Au lendemain de l’audience accordée par le président burundais Évariste Ndayishimiye, président en exercice de l’Union africaine, aux membres du présidium de la Coalition 64 (C64), ces derniers ont tenu à clarifier leur position. Lors d’une conférence de presse tenue ce mercredi 9 juillet au Centre d’études pour l’action sociale (CEPAS), la plateforme a décliné les conclusions de ses échanges diplomatiques tout en affichant une détermination intacte.
Au cœur des débats, la question de la légitimité. Jean-Marc Kabund, au nom de la coalition, a rappelé la teneur des discussions avec le médiateur burundais : « Après ce tête-à-tête sollicité par le président Ndayishimiye, la Coalition 64 réitère son engagement indéfectible à défendre l’ordre constitutionnel. » Selon les cadres de la C64, le président de l’UA a insisté sur l’impérieuse nécessité d’un dialogue inclusif pour stabiliser la nation congolaise, une approche que l’opposition semble accepter tout en posant ses propres conditions.
Pour la C64, l’approche diplomatique actuelle — focalisée presque exclusivement sur l’Est du pays — est frappée d’obsolescence. « Réduire la situation actuelle au seul conflit armé revient à répéter les erreurs des processus de Nairobi, Luanda, Doha ou Washington », martèle la plateforme.
Pour les opposants, le conflit dans l’Est n'est que l'épiphénomène d'une crise bien plus profonde. « La RDC traverse une crise systémique qui touche au cœur même de la gouvernance, à la légitimité des institutions et à leur fonctionnement », a souligné Jean-Marc Kabund, appelant les partenaires internationaux à traiter les causes politiques plutôt que d'en rester aux symptômes sécuritaires.
Si le dialogue est évoqué, il n'est pas question pour autant de baisser la garde sur le terrain. La plateforme a profité de ce point de presse pour confirmer le maintien de la marche prévue pour le 22 juillet prochain.

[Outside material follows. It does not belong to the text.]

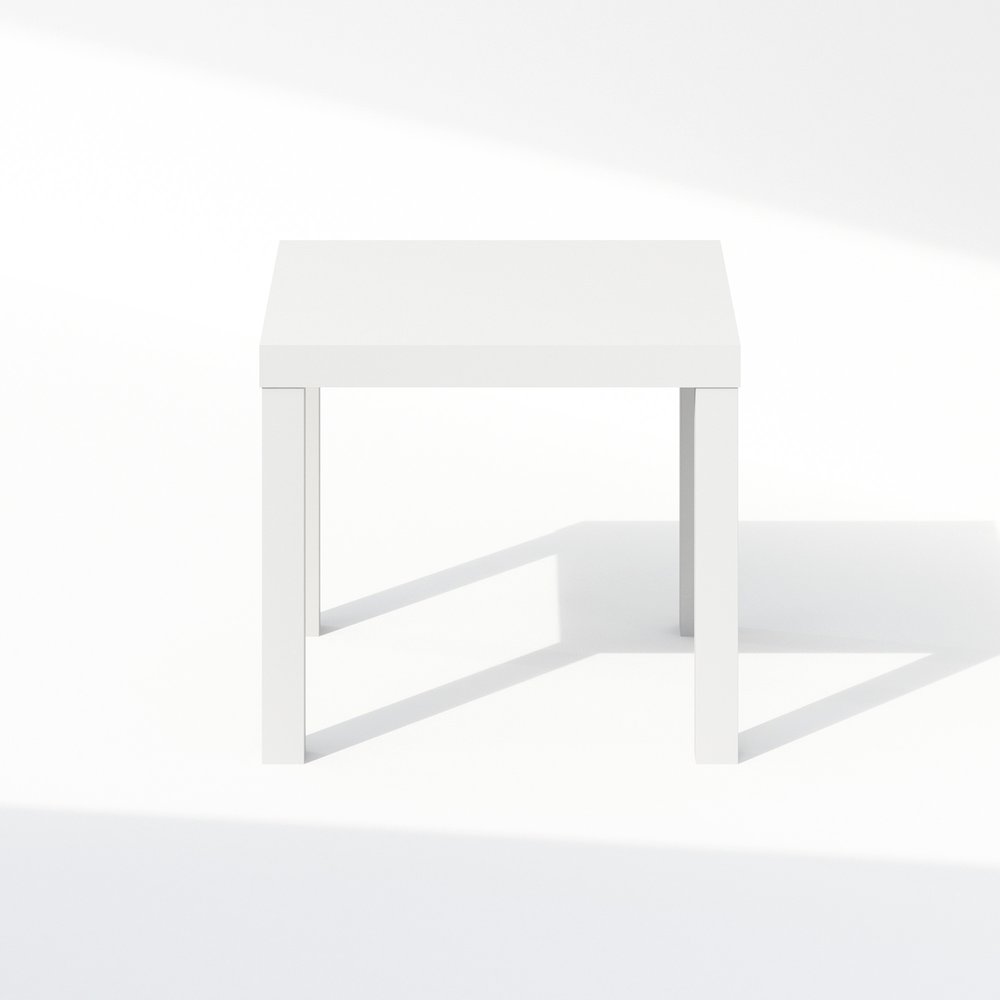 Simple Square Coffee Table, Side Table, White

Ce rendez-vous dans la rue servira de baromètre à la mobilisation populaire. À travers cette manifestation, la Coalition 64 compte réitérer son exigence principale : la démission du chef de l’État. À quelques jours de cette échéance, la tension politique à Kinshasa reste palpable, marquant une rupture nette entre les appels à l'apaisement diplomatique et la radicalisation des positions de l'opposition.